Gdańsk od długiego czasu stał się typowym, dużym miastem w którym rządzi liberalne ugrupowanie, w którym zaprowadza się porządki firmowane uśmiechniętą twarzą sprawującej swoje rządy Pani Prezydent Dulkiewicz. Te oto porządki doprowadziły w efekcie do bałaganu, który w najbliższy piątek będzie powodem protestów, które będą odpowiedzią na to co dzieje się w mieście. Kilka punktów wymienionych jako te, które powodują wyjście na ulicę pokazują obecny stan miasta, który jest odwrotnie proporcjonalny do sympatycznej twarz kobiety rządzącej Gdańskiem.
Odcięci od miasta
Głównym problemem Gdańska stało się w ostatnim czasie zamknięcie mostu na ul. Siennej, co de facto odcina mieszkańców dzielnicy Przeróbka i Stogi od reszty Gdańska. Tędy przebiega ruch tramwajowy oraz pieszy. Po zamknięciu tego mostu pozostaje wydostać się w przypadku chęci pieszej wycieczki wpław. Absurdem stało się zamknięcie tego mostu dla pieszych, jeśli poruszały się po nim 50-tonowe tramwaje. Drugim absurdem jest robienie wszystkiego „od końca” czyli najpierw zamknięto ważny most, a teraz dopiero wykonywane są prace, w efekcie których ma powstać prom pieszo rowerowy. Jedynym bowiem sposobem aby wydostać się z otoczonej ze wszystkich stron wodą dzielnicy-wyspy jest tzw. trasa Sucharskiego, która jednak jest dwupasmową drogą bez chodników, o których nikt nie pomyślał aby zadbać na okoliczność takiej sytuacji, która ostatni raz miała miejsce dawno temu. Most remontowany był bowiem prawie 40 lat temu.
Wieczne korki
To co jest także powodem protestów to wieczne korki. Miasto ogarnęła mania, która wcześniej toczyła Warszawę, na siłę chcącą udowodnić, że coś takiego jak tunele, dzięki którym nie było ofiar na drodze są przeżytkiem i w związku z tym należy zrobić na jakimś odcinku drogi naziemne przejścia. Od kilku lat Gdańsk praktykuje to u siebie, utrudniając jak się da życie kierowcom, którzy stają się intruzami, bo do tego dochodzą coraz wyższe opłaty za parkowanie w Centrum Gdańska. Jakby tego było mało Gdańsk obejmuje strefami parkowania coraz większy obszar, tradycyjnie do tego przy remontowaniu ulic i chodników zmniejszając liczbę miejsc parkingowych oraz stawiając słupki wszędzie gdzie kierowca próbowałby stanąć szukając bezskutecznie możliwości zaparkowania.
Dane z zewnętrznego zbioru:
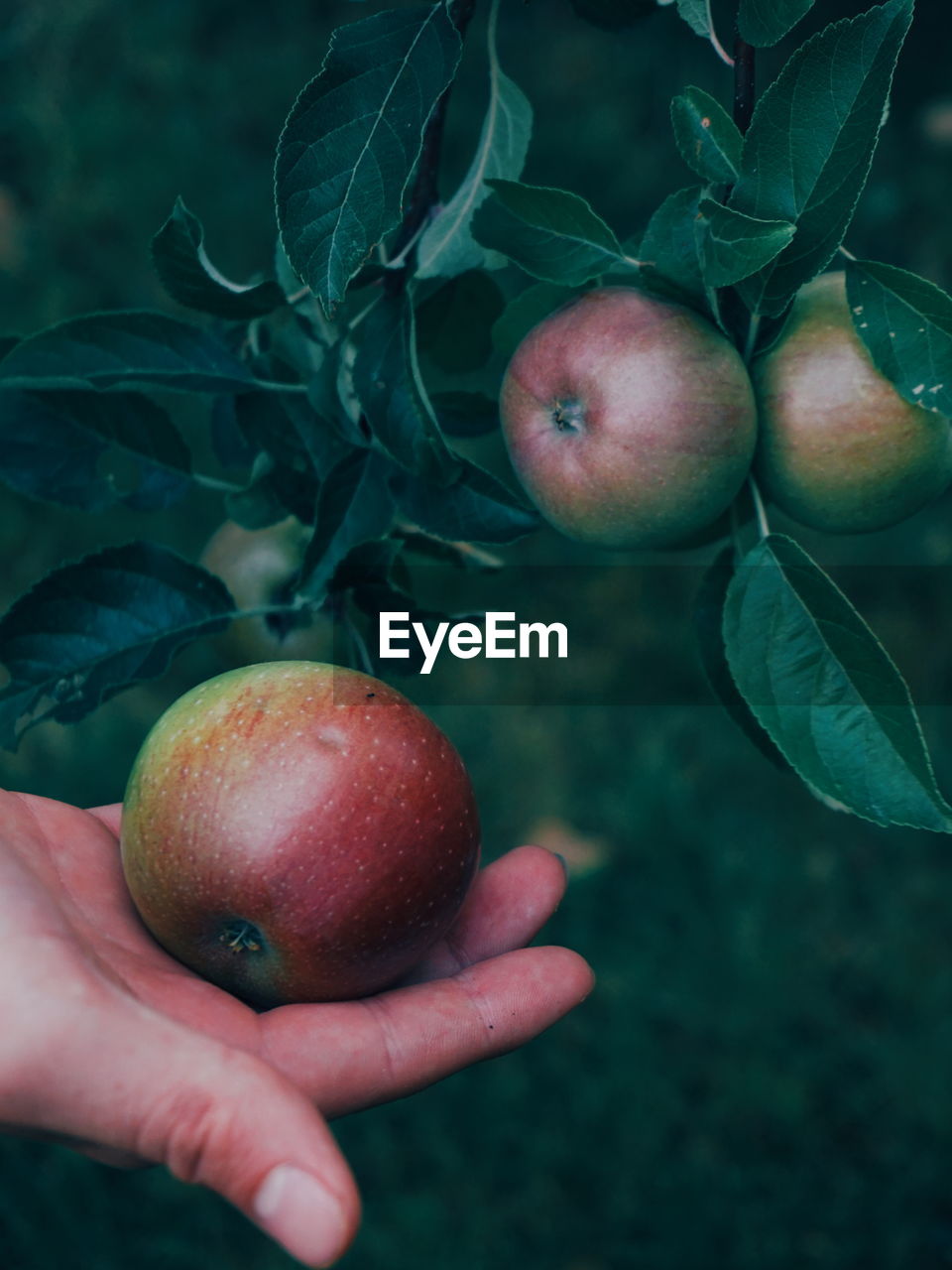 Cropped hand holding growing apple on tree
Do tego dochodzi mania robienia z ulic, które niedawno były zwykłymi ulicami, tych osiedlowych z garbami niszczącymi podwozie i ograniczeniami do 30 km/h. To oczywiście także jedno z szaleństw, które ogarnęło miasto, które na dwupasmowych ulicach w mieście wprowadziło ograniczenia do 50km/h, aby policja czająca się gdzieś na przystanku, bądź za zakrętem mogła zastawiać pułapki na kogoś kto nieznacznie przekroczył prędkość, ale nie powodował tym tak naprawdę niebezpieczeństwa na drodze. Od dawna już także urządza się w Gdańsku to, co niedawno wydawało się nie do pomyślenia – buduje się kolejne Galerie Handlowe, które także powoduje ogromne zakorkowanie miasta, szczególnie że robi się to w samym Jego środku, a nie jak kiedyś na obrzeżach.
Bez betonozy ani rusz
Protestujący jeden z punktów nazwali także „Rozwojem republiki deweloperów – beton to nowa zieleń”. I tak rzeczywiście wygląda to oczywiście nie tylko w Gdańsku ale i w innych miastach, w których dosłownie betonem zalewa się czy to obowiązkowo główne centra miast, w których np. było dużo kwiatów, trawnika. To wszystko jest likwidowane, a na ich miejsce budowane są chodniki, ulice i gdzieś tam sztucznie wykraja się mały kwadracik, w którym umieszcza się małe drzewko, które ma sobie rosnąć pośród betonu. Brak refleksji władz miasta tym bardziej poraża, gdy spojrzymy na permanentne zalewanie miasta przy każdej większej ulewie. Wspomniana republika deweloperów ma się znakomicie, a mówi się do tego że mieszkania budowane dosłownie wszędzie bez umiaru z cenami dogoniły już Warszawę. Protest zapewne będzie skromny, nieliczny i zignorowany przez władze miasta, które od zawsze charakteryzowały się w tym mieście butą, traktowaniem mieszkańców z góry, a już tym bardziej tych z zapomnianych, peryferyjnych dzielnic.